Leaving nothing out, set down all the data exactly.

Excerpts from a dataset -
/---
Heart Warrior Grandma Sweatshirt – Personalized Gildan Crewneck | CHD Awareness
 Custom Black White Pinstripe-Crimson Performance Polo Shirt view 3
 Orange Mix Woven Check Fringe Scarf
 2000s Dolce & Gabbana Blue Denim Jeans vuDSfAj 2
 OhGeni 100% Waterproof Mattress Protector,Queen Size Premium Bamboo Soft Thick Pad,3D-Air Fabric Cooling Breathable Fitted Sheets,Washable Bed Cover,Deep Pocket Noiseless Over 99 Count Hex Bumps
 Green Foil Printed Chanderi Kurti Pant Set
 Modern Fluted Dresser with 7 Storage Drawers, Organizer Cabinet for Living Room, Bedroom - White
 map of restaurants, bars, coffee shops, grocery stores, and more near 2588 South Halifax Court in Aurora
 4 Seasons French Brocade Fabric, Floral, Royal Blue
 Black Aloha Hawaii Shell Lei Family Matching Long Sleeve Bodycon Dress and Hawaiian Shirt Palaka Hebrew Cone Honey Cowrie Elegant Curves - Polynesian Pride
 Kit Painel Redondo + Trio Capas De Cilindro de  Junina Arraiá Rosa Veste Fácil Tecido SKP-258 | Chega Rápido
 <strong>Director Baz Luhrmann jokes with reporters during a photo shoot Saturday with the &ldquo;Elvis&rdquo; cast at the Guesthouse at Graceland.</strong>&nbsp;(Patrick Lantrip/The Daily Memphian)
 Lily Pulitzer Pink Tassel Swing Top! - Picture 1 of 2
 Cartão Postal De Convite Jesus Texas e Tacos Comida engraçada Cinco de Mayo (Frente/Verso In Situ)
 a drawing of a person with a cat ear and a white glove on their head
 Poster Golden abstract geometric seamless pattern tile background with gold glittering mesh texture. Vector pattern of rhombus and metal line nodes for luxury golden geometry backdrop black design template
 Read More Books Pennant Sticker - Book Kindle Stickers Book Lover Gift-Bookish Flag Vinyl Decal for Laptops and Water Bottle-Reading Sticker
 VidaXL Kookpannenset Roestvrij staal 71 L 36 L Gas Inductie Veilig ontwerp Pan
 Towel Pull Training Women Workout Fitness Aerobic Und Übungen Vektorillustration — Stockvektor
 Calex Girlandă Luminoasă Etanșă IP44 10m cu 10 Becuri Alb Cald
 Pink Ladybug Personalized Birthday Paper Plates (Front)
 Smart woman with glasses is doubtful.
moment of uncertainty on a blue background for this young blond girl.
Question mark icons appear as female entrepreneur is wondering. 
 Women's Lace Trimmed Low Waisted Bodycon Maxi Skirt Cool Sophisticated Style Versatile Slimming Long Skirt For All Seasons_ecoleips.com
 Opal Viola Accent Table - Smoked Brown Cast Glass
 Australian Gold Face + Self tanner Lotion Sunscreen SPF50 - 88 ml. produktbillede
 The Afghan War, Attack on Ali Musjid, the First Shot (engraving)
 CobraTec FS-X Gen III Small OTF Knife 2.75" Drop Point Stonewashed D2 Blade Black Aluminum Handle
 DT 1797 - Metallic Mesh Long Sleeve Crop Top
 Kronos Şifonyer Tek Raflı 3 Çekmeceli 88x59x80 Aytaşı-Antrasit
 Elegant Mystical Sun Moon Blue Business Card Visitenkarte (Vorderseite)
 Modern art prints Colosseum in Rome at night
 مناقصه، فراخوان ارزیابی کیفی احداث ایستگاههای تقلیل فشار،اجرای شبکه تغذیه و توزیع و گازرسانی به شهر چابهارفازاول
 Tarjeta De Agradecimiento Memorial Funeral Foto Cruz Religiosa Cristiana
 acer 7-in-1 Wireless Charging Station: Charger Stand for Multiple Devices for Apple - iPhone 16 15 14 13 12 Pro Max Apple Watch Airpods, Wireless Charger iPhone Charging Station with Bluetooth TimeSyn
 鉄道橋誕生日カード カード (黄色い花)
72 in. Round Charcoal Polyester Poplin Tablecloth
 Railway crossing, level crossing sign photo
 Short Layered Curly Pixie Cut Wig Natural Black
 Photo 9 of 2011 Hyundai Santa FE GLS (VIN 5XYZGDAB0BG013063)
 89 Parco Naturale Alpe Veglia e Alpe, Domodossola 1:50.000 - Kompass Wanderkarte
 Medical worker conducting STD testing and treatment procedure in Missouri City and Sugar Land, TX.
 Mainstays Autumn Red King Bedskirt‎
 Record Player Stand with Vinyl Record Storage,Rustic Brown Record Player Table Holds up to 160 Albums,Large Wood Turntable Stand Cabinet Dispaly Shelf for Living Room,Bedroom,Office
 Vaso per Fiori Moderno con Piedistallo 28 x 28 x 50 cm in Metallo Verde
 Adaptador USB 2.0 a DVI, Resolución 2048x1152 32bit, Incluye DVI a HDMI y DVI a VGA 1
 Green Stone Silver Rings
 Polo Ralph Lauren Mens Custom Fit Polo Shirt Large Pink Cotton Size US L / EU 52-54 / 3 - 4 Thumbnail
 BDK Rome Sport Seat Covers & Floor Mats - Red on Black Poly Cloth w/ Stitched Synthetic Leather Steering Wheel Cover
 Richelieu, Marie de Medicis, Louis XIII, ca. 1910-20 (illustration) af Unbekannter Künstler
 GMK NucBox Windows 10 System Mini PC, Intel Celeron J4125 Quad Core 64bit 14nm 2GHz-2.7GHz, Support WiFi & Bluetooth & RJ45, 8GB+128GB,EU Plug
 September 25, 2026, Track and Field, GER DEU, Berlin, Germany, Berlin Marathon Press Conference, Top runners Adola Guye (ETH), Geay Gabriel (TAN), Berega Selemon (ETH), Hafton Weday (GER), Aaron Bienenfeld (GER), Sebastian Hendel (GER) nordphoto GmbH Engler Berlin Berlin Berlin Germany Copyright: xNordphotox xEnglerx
\---
Solution to this problem -
Heart Warrior Grandma Sweatshirt – Personalized Gildan Crewneck | CHD Awareness
 Custom Black White Pinstripe-Crimson Performance Polo Shirt view 3
 Orange Mix Woven Check Fringe Scarf
 2000s Dolce & Gabbana Blue Denim Jeans vuDSfAj 2
 OhGeni 100% Waterproof Mattress Protector,Queen Size Premium Bamboo Soft Thick Pad,3D-Air Fabric Cooling Breathable Fitted Sheets,Washable Bed Cover,Deep Pocket Noiseless Over 99 Count Hex Bumps
 Green Foil Printed Chanderi Kurti Pant Set
 Modern Fluted Dresser with 7 Storage Drawers, Organizer Cabinet for Living Room, Bedroom - White
 map of restaurants, bars, coffee shops, grocery stores, and more near 2588 South Halifax Court in Aurora
 4 Seasons French Brocade Fabric, Floral, Royal Blue
 Black Aloha Hawaii Shell Lei Family Matching Long Sleeve Bodycon Dress and Hawaiian Shirt Palaka Hebrew Cone Honey Cowrie Elegant Curves - Polynesian Pride
 Kit Painel Redondo + Trio Capas De Cilindro de  Junina Arraiá Rosa Veste Fácil Tecido SKP-258 | Chega Rápido
 <strong>Director Baz Luhrmann jokes with reporters during a photo shoot Saturday with the &ldquo;Elvis&rdquo; cast at the Guesthouse at Graceland.</strong>&nbsp;(Patrick Lantrip/The Daily Memphian)
 Lily Pulitzer Pink Tassel Swing Top! - Picture 1 of 2
 Cartão Postal De Convite Jesus Texas e Tacos Comida engraçada Cinco de Mayo (Frente/Verso In Situ)
 a drawing of a person with a cat ear and a white glove on their head
 Poster Golden abstract geometric seamless pattern tile background with gold glittering mesh texture. Vector pattern of rhombus and metal line nodes for luxury golden geometry backdrop black design template
 Read More Books Pennant Sticker - Book Kindle Stickers Book Lover Gift-Bookish Flag Vinyl Decal for Laptops and Water Bottle-Reading Sticker
 VidaXL Kookpannenset Roestvrij staal 71 L 36 L Gas Inductie Veilig ontwerp Pan
 Towel Pull Training Women Workout Fitness Aerobic Und Übungen Vektorillustration — Stockvektor
 Calex Girlandă Luminoasă Etanșă IP44 10m cu 10 Becuri Alb Cald
 Pink Ladybug Personalized Birthday Paper Plates (Front)
 Smart woman with glasses is doubtful.
moment of uncertainty on a blue background for this young blond girl.
Question mark icons appear as female entrepreneur is wondering. 
 Women's Lace Trimmed Low Waisted Bodycon Maxi Skirt Cool Sophisticated Style Versatile Slimming Long Skirt For All Seasons_ecoleips.com
 Opal Viola Accent Table - Smoked Brown Cast Glass
 Australian Gold Face + Self tanner Lotion Sunscreen SPF50 - 88 ml. produktbillede
 The Afghan War, Attack on Ali Musjid, the First Shot (engraving)
 CobraTec FS-X Gen III Small OTF Knife 2.75" Drop Point Stonewashed D2 Blade Black Aluminum Handle
 DT 1797 - Metallic Mesh Long Sleeve Crop Top
 Kronos Şifonyer Tek Raflı 3 Çekmeceli 88x59x80 Aytaşı-Antrasit
 Elegant Mystical Sun Moon Blue Business Card Visitenkarte (Vorderseite)
 Modern art prints Colosseum in Rome at night
 مناقصه، فراخوان ارزیابی کیفی احداث ایستگاههای تقلیل فشار،اجرای شبکه تغذیه و توزیع و گازرسانی به شهر چابهارفازاول
 Tarjeta De Agradecimiento Memorial Funeral Foto Cruz Religiosa Cristiana
 acer 7-in-1 Wireless Charging Station: Charger Stand for Multiple Devices for Apple - iPhone 16 15 14 13 12 Pro Max Apple Watch Airpods, Wireless Charger iPhone Charging Station with Bluetooth TimeSyn
 鉄道橋誕生日カード カード (黄色い花)
72 in. Round Charcoal Polyester Poplin Tablecloth
 Railway crossing, level crossing sign photo
 Short Layered Curly Pixie Cut Wig Natural Black
 Photo 9 of 2011 Hyundai Santa FE GLS (VIN 5XYZGDAB0BG013063)
 89 Parco Naturale Alpe Veglia e Alpe, Domodossola 1:50.000 - Kompass Wanderkarte
 Medical worker conducting STD testing and treatment procedure in Missouri City and Sugar Land, TX.
 Mainstays Autumn Red King Bedskirt‎
 Record Player Stand with Vinyl Record Storage,Rustic Brown Record Player Table Holds up to 160 Albums,Large Wood Turntable Stand Cabinet Dispaly Shelf for Living Room,Bedroom,Office
 Vaso per Fiori Moderno con Piedistallo 28 x 28 x 50 cm in Metallo Verde
 Adaptador USB 2.0 a DVI, Resolución 2048x1152 32bit, Incluye DVI a HDMI y DVI a VGA 1
 Green Stone Silver Rings
 Polo Ralph Lauren Mens Custom Fit Polo Shirt Large Pink Cotton Size US L / EU 52-54 / 3 - 4 Thumbnail
 BDK Rome Sport Seat Covers & Floor Mats - Red on Black Poly Cloth w/ Stitched Synthetic Leather Steering Wheel Cover
 Richelieu, Marie de Medicis, Louis XIII, ca. 1910-20 (illustration) af Unbekannter Künstler
 GMK NucBox Windows 10 System Mini PC, Intel Celeron J4125 Quad Core 64bit 14nm 2GHz-2.7GHz, Support WiFi & Bluetooth & RJ45, 8GB+128GB,EU Plug
 September 25, 2026, Track and Field, GER DEU, Berlin, Germany, Berlin Marathon Press Conference, Top runners Adola Guye (ETH), Geay Gabriel (TAN), Berega Selemon (ETH), Hafton Weday (GER), Aaron Bienenfeld (GER), Sebastian Hendel (GER) nordphoto GmbH Engler Berlin Berlin Berlin Germany Copyright: xNordphotox xEnglerx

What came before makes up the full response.